Navigating Cookie Consent Violations Across the Globe

Jun 10, 25
Pdf Code Slides

Information

Authors

Brian Tang, Duc Bui , Kang G. Shin

Conference

34th USENIX Security Symposium (2025)

Blog

Intro

Online services provide users with cookie banners to accept/reject the cookies placed on their web browsers. Despite the increased adoption of cookie banners, little has been done to ensure that cookie consent is compliant with privacy laws around the globe. Prior studies have found that cookies are often placed on browsers even after their explicit rejection by users. These inconsistencies in cookie banner behavior circumvent users’ consent preferences and are known as cookie consent violations. To address this important problem, we propose an end-to-end system, called ConsentChk, that detects and analyzes cookie banner behavior. ConsentChk uses a formal model to systematically detect and categorize cookie consent violations. We investigate eight English-speaking regions across the world, and analyze cookie banner behavior across 1,793 globally-popular websites. Cookie behavior, cookie consent violation rates, and cookie banner implementations are found to be highly dependent on region. Our evaluation reveals that consent management platforms (CMPs) and website developers likely tailor cookie banner configurations based on their (often incorrect) interpretations of regional privacy laws.
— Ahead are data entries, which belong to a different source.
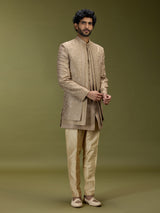 Golden brown luxurious silk men designer jacket indo western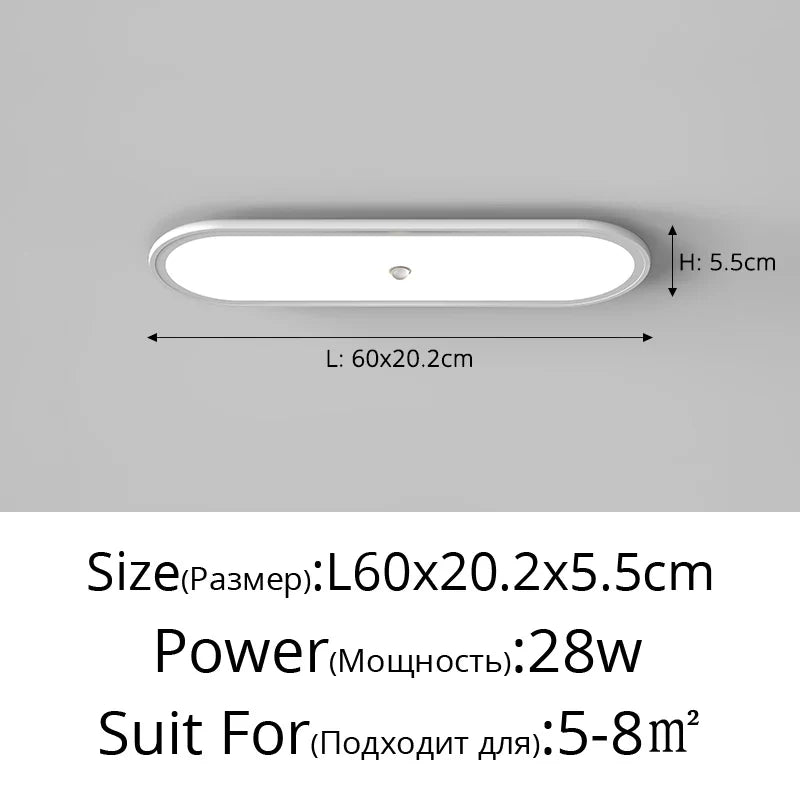 plafonnier led ultra-mince avec capteur de corps humain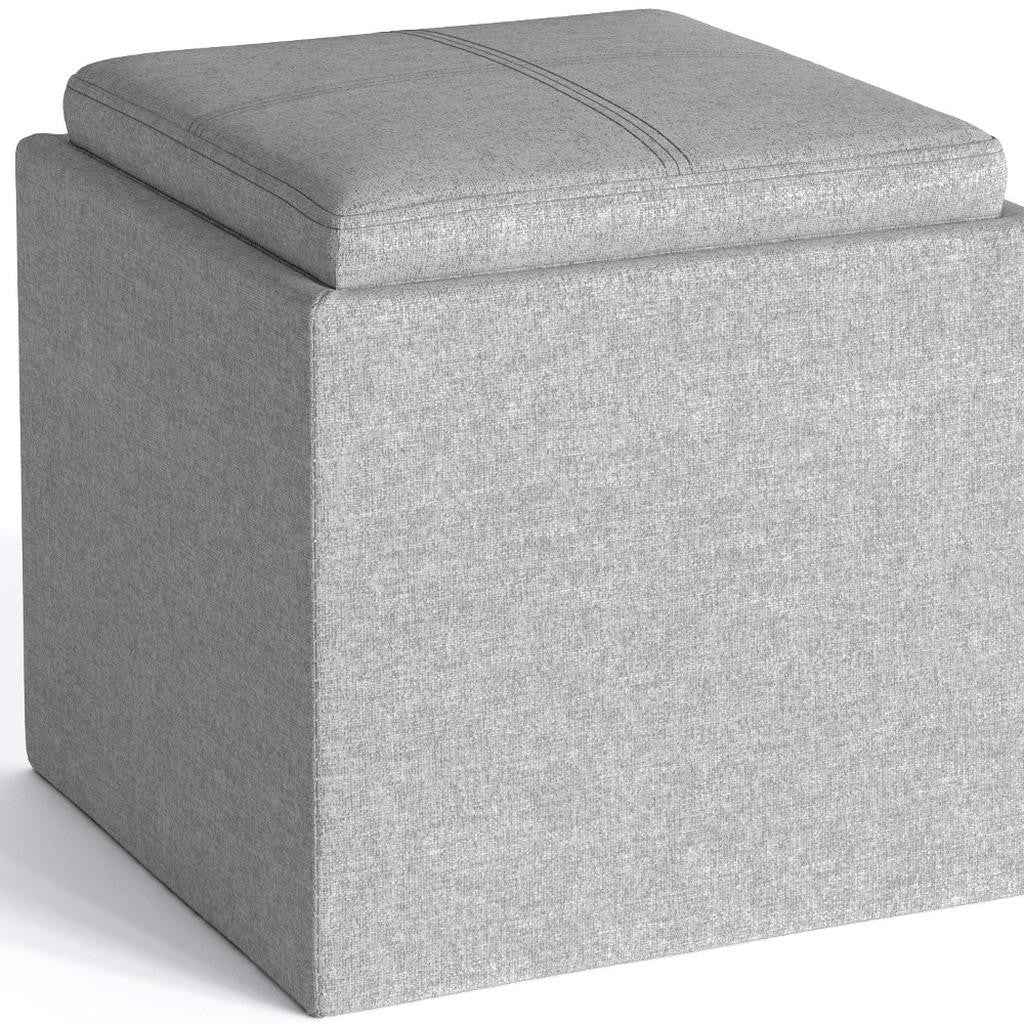 17" Cloud Upholstery Storage Ottoman
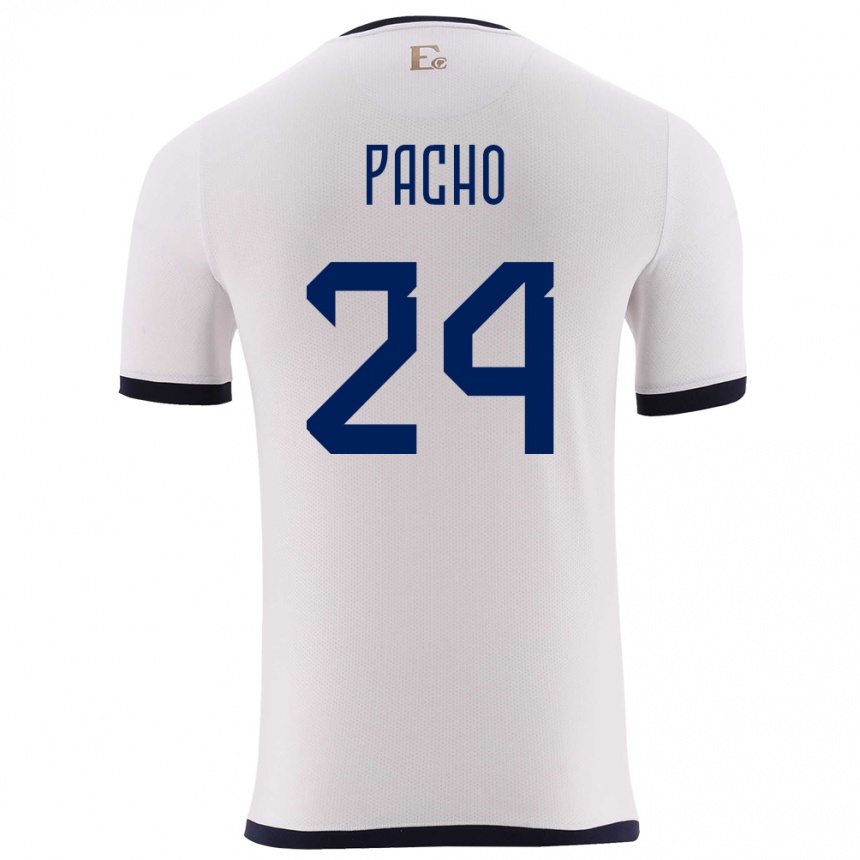 Niño Fútbol Camiseta Ecuador William Pacho #24 Blanco 2ª Equipación 24-26 México
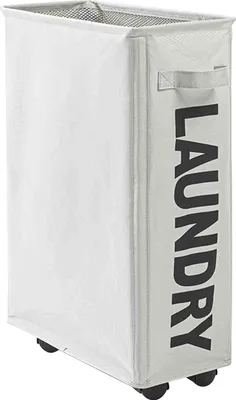 Produktbild von Rolling Slim Waeschekorb mit Universal Raedern Ecke Faltbare Oxford Stoff Waeschekorb Mesh Kordelzug Dirty Clothes Organizer mit 4 Stuetzstangen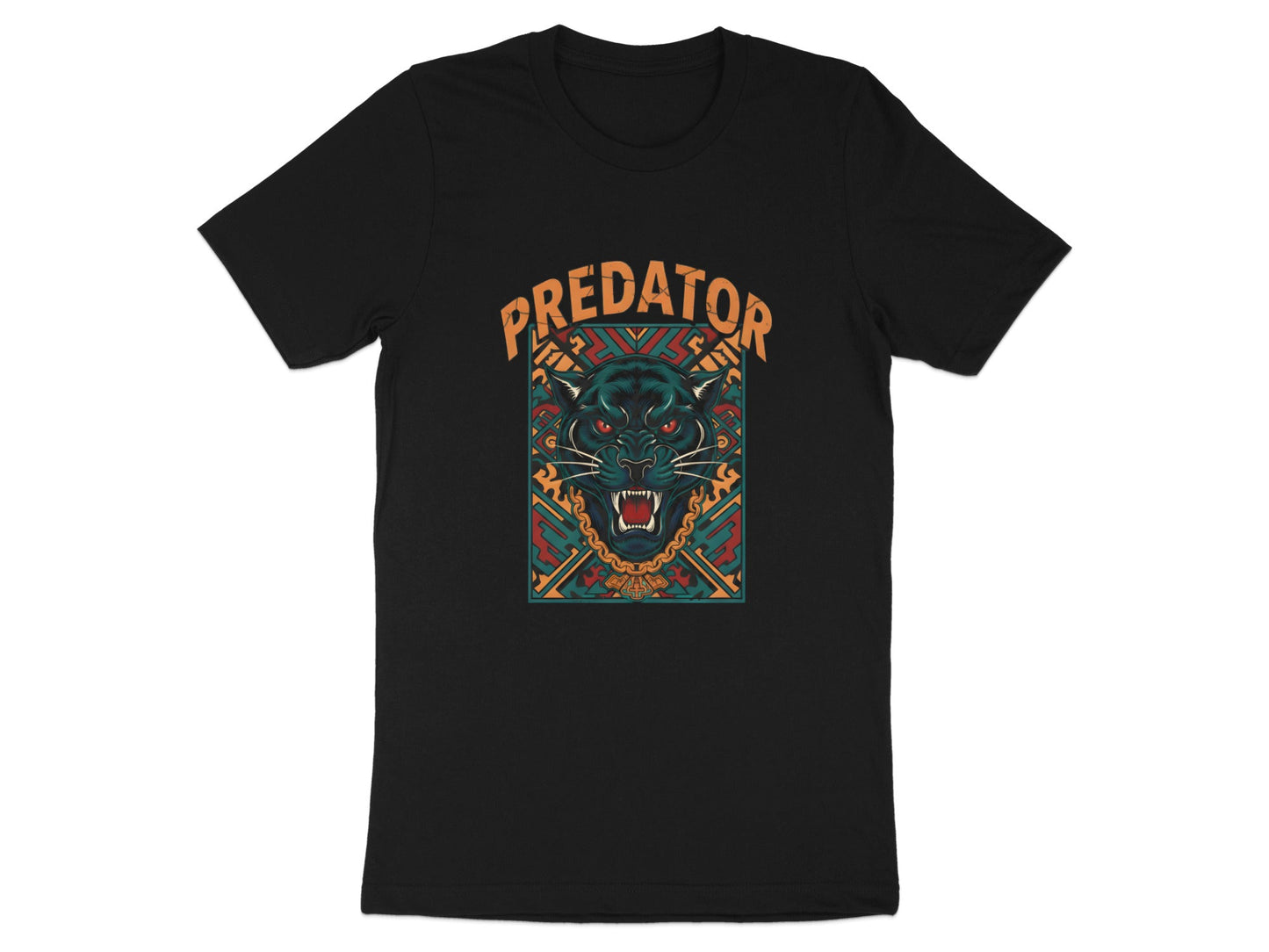 Predator Panther Aztec Style T-Shirt - Fierce Jungle Graphic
We discuss various root causes behind these cookie consent violations. The resulting implementations produce misleading cookie banners, indicating the prevalence of inconsistently implemented and enforced cookie consent between various regions.

Design Overview

ConsentChk activates cookie banner menus by using a cookie-button extractor and a menu activator. When accessing a web page, if a cookie banner menu is not detected, the extractor analyzes HTML elements to extract the candidate cookie banner buttons that may activate a menu. Cookie consent preferences are extracted in two steps: (1) cookie-category consent and (2) cookies in each category. Finally, cookie consent violations are detected and classified.

Methodology

We first performed crawls in all 8 regions on the top 20k websites in the Tranco list November 2023 (ID: 5Y3LN). We select 10,436 websites, which have an English homepage and were loaded successfully, for further analysis with ConsentChk. Close to 1.8k websites across all regions contained a detected cookie banner. After this initial crawl, we recrawled the union of the sites across all regions 10 times (successfully loaded with cookie banners). Each measurement iteration involved crawling all 8 regions and took roughly 8–12 hours to complete, spanning 1 week to complete the 10 measurements.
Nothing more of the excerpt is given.